2 thoughts on “Bad Business Meetings”

  1. I smiled at the opening statement that most pastors have known “at least one” bad business meeting. I have scars. In one contentious meeting (in which the deacons recommended something which I urged them not to!; but they did it anyway), after a solid hour of bickering back and forth, I took a straw vote–“This is not an actual vote, but if we were to vote this minute, this is how you would vote”–and when it came out 50-50, I said, “All right folks, this meeting is ended.

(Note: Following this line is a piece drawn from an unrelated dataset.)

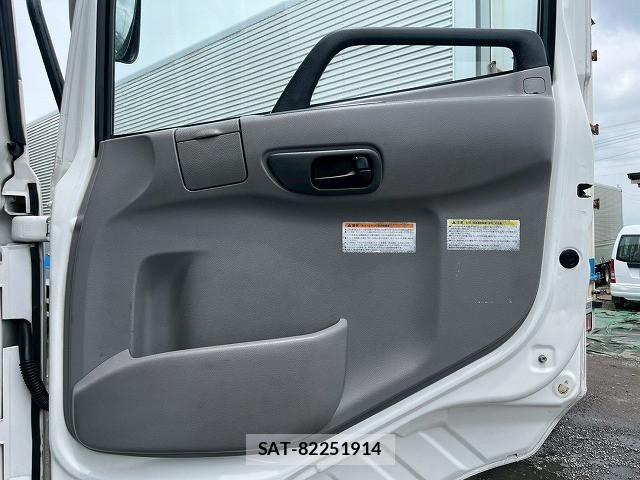 Nissan QUON 2017-03 8231442-16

We will keep right on doing what we’ve been doing.” I let the papers fall to the floor and walked off. — Sometime later a deacon said to me, “I’ve seen you lose your temper in front of the church.” I said, “No, you saw me hold my temper.” Nothing got better in that church until some carnal men were no longer elected as leaders.

  2. Rob,

    I recall a business meeting several years ago at a previous church where a member congratulated the pastor on his one year anniversary before launching into a diatribe on his dislikes with the pastor. His dislikes ranged from methodology, service order, and preaching style but nothing theological. As you might could guess, this member was a rare attender to Sunday’s much less Wednesday evenings; yet, he made this business meeting. The wonderful part of the meeting was when a group of men showed up at the pastors house to encourage and pray over him.